Política e Resenha

O QUE REALMENTE EXISTE CONTRA MORAES?

ARTIGO

ENTRE A MENSAGEM E A PROVA

Padre Carlos

Eu assisti ao trecho da discussão entre Malu Gaspar e Otávio Guedes sobre o caso Banco Master e confesso que uma questão ficou martelando na minha cabeça: afinal, o que existe de fato contra Alexandre de Moraes?

Não estou fazendo essa pergunta para defender o ministro do Supremo Tribunal Federal. E também não a faço para atacar Malu Gaspar. Faço porque, diante de um caso dessa dimensão, existe uma obrigação que deveria estar acima das preferências políticas de cada jornalista, de cada comentarista e de cada leitor: distinguir aquilo que sabemos daquilo que imaginamos.

E foi justamente aí que a observação de Otávio Guedes me pareceu fundamental.

Uma coisa é aquilo que Daniel Vorcaro escreveu, pediu ou desejou. Outra, completamente diferente, é demonstrar que Alexandre de Moraes efetivamente atendeu a esses pedidos, interferiu em uma investigação, utilizou o cargo para beneficiar o banqueiro ou praticou qualquer irregularidade.

Essa diferença parece elementar.

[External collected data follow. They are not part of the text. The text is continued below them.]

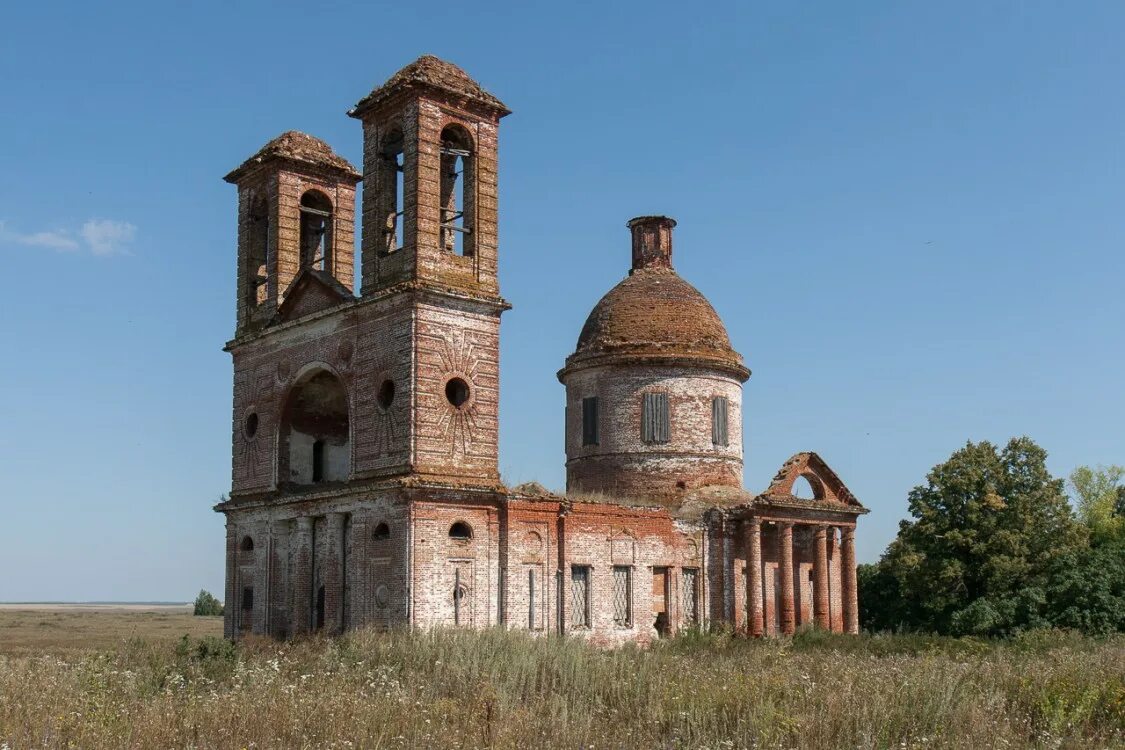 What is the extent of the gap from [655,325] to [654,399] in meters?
1.99

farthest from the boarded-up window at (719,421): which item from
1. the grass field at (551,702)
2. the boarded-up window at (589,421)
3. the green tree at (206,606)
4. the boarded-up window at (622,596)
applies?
the green tree at (206,606)

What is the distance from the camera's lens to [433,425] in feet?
74.2

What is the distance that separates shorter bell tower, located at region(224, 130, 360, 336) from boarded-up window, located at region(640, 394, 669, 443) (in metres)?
8.12

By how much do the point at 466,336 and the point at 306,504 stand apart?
498cm

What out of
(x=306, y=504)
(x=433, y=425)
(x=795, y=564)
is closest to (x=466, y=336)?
(x=433, y=425)

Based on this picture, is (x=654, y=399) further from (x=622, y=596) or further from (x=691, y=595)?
(x=622, y=596)

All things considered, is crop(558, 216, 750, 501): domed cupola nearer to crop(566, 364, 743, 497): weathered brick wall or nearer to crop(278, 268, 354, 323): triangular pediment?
crop(566, 364, 743, 497): weathered brick wall

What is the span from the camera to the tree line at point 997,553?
102ft

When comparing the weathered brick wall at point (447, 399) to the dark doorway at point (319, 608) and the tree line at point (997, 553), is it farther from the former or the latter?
the tree line at point (997, 553)

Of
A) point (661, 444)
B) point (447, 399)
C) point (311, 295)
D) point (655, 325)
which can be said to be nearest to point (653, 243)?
point (655, 325)

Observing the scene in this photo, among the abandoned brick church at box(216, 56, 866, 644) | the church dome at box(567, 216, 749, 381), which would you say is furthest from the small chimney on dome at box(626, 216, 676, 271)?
the abandoned brick church at box(216, 56, 866, 644)

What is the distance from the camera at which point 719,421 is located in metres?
31.2

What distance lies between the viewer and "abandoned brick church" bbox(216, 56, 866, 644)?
74.7 ft

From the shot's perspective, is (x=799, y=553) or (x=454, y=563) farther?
(x=799, y=553) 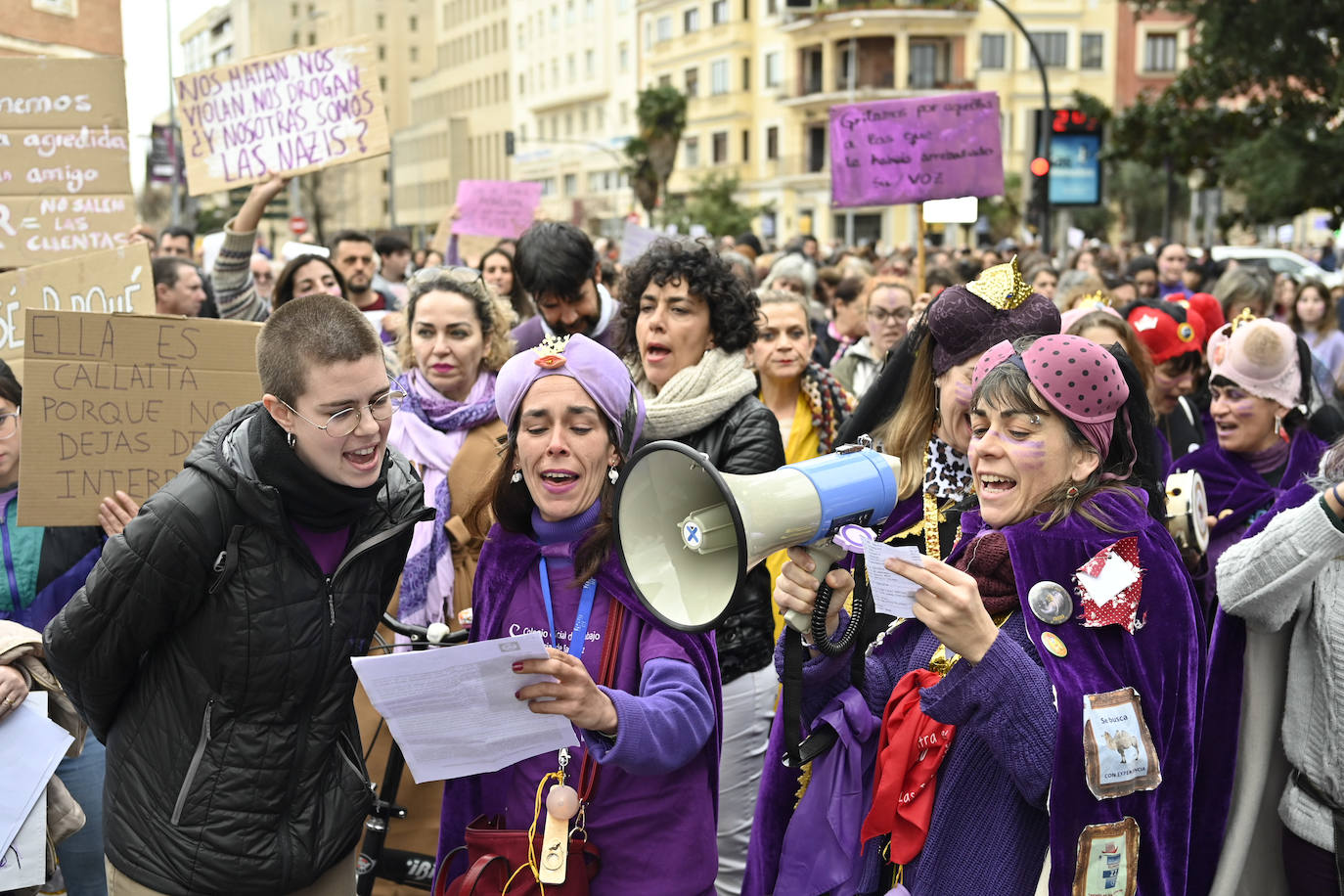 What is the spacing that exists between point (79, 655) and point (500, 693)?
38.9 inches

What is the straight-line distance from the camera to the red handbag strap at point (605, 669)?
2.75 metres

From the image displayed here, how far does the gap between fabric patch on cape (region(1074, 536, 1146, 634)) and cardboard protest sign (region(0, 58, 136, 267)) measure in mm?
4478

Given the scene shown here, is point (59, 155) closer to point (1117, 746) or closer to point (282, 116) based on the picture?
point (282, 116)

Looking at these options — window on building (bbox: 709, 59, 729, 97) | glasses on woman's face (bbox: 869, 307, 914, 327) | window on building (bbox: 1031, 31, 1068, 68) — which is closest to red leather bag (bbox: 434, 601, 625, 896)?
glasses on woman's face (bbox: 869, 307, 914, 327)

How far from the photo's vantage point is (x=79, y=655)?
110 inches

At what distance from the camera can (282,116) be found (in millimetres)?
6539

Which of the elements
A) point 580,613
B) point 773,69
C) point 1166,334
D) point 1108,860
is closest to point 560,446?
point 580,613

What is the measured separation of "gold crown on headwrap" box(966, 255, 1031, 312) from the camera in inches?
134

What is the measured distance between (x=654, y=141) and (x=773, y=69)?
6684 mm

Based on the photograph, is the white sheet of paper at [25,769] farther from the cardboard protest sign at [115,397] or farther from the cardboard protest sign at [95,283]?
the cardboard protest sign at [95,283]

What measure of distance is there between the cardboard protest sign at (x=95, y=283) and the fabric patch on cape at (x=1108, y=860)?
3722 mm

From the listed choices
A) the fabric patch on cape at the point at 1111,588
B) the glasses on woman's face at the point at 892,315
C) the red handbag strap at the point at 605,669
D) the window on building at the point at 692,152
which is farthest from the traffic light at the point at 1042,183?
the window on building at the point at 692,152

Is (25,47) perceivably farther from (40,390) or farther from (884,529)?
(884,529)

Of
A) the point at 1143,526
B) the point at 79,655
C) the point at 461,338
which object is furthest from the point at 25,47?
the point at 1143,526
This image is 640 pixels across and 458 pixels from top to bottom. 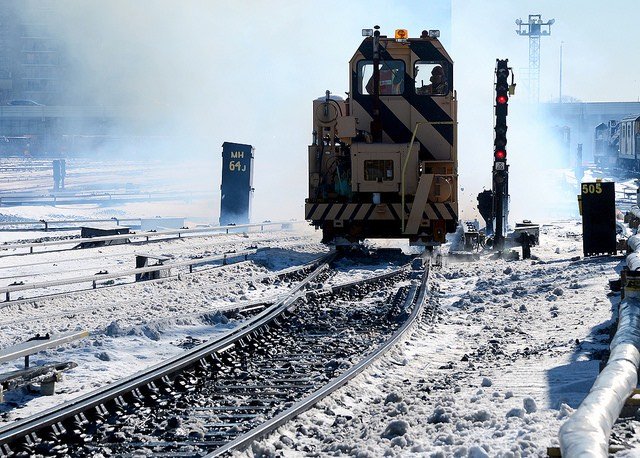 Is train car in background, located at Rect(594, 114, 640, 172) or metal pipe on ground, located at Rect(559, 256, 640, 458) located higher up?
train car in background, located at Rect(594, 114, 640, 172)

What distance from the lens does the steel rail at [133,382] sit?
596 centimetres

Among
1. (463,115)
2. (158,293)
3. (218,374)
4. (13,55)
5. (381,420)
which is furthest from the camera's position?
(13,55)

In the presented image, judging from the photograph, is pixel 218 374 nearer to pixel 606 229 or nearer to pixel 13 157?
pixel 606 229

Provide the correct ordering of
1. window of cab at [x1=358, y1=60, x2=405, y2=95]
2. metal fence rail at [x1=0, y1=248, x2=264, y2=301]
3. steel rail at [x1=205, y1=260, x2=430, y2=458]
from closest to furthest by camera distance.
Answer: steel rail at [x1=205, y1=260, x2=430, y2=458] → metal fence rail at [x1=0, y1=248, x2=264, y2=301] → window of cab at [x1=358, y1=60, x2=405, y2=95]

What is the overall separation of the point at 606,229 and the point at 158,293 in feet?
26.2

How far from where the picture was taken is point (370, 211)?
17.0m

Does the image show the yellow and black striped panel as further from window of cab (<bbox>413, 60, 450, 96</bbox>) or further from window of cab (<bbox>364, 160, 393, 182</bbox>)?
window of cab (<bbox>413, 60, 450, 96</bbox>)

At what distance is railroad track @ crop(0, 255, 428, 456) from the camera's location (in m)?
5.97

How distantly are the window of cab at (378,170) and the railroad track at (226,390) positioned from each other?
561 cm

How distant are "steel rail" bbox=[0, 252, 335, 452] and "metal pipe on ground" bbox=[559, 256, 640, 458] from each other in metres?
3.12

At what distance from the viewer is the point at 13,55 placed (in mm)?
74938

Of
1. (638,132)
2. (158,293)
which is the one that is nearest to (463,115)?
(638,132)

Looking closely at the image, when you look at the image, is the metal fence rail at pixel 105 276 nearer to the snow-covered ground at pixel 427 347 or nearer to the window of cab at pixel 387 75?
the snow-covered ground at pixel 427 347

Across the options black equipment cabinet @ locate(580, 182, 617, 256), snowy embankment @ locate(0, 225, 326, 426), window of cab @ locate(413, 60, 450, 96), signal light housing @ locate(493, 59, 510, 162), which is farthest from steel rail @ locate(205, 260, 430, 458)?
signal light housing @ locate(493, 59, 510, 162) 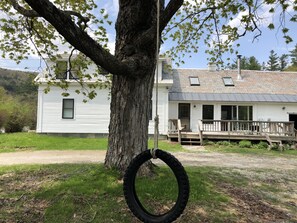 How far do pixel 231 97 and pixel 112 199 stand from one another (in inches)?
677

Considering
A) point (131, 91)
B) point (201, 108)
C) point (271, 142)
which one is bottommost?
point (271, 142)

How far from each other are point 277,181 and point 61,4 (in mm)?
7733

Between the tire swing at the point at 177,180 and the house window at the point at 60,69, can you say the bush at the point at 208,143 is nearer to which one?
the house window at the point at 60,69

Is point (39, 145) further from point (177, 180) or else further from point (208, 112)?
point (177, 180)

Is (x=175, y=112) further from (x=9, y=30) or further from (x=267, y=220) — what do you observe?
(x=267, y=220)

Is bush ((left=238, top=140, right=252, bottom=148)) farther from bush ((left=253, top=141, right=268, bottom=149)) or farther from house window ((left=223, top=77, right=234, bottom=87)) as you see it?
house window ((left=223, top=77, right=234, bottom=87))

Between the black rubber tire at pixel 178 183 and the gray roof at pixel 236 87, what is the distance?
54.1 ft

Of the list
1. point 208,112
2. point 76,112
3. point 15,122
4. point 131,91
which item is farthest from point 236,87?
point 131,91

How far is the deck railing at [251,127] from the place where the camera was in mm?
16719

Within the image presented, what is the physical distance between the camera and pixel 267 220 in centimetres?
412

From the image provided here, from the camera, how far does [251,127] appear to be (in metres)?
18.0

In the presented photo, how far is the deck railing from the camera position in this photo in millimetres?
16719

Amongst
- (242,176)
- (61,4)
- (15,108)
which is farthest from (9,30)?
(15,108)

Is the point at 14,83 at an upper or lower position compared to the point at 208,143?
upper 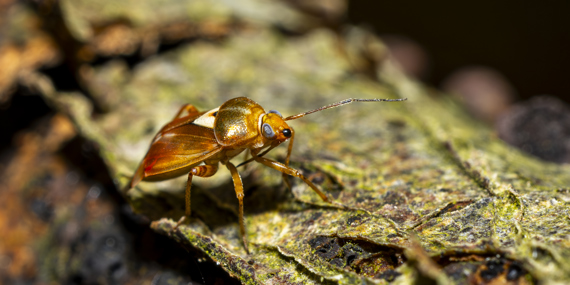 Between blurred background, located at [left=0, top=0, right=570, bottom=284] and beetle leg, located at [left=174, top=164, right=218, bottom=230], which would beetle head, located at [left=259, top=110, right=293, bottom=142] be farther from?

Mas, no ambiente político brasileiro, o elementar frequentemente se perde.

Mensagens podem ser documentos importantes. Podem revelar relações, interesses, pedidos, conversas e até tentativas de influência. Podem abrir uma investigação. Podem levantar suspeitas gravíssimas. Mas uma mensagem escrita por uma pessoa não transforma automaticamente aquilo que ela afirma em verdade.

Se alguém escreve para um ministro pedindo determinada providência, temos uma informação concreta: houve um pedido.

Mas precisamos responder a uma segunda pergunta: o pedido foi atendido?

E existe uma terceira, ainda mais importante: se foi atendido, foi atendido por uma razão legítima ou houve favorecimento indevido?

É aí que começa o trabalho sério de investigação

O caso Banco Master tornou-se ainda mais delicado porque envolve dinheiro, poder, instituições financeiras, autoridades públicas, ministros do STF, Polícia Federal e interesses políticos de enorme dimensão. A divulgação de mensagens de Vorcaro colocou Alexandre de Moraes no centro de uma crise institucional que não pode ser tratada como simples disputa entre direita e esquerda.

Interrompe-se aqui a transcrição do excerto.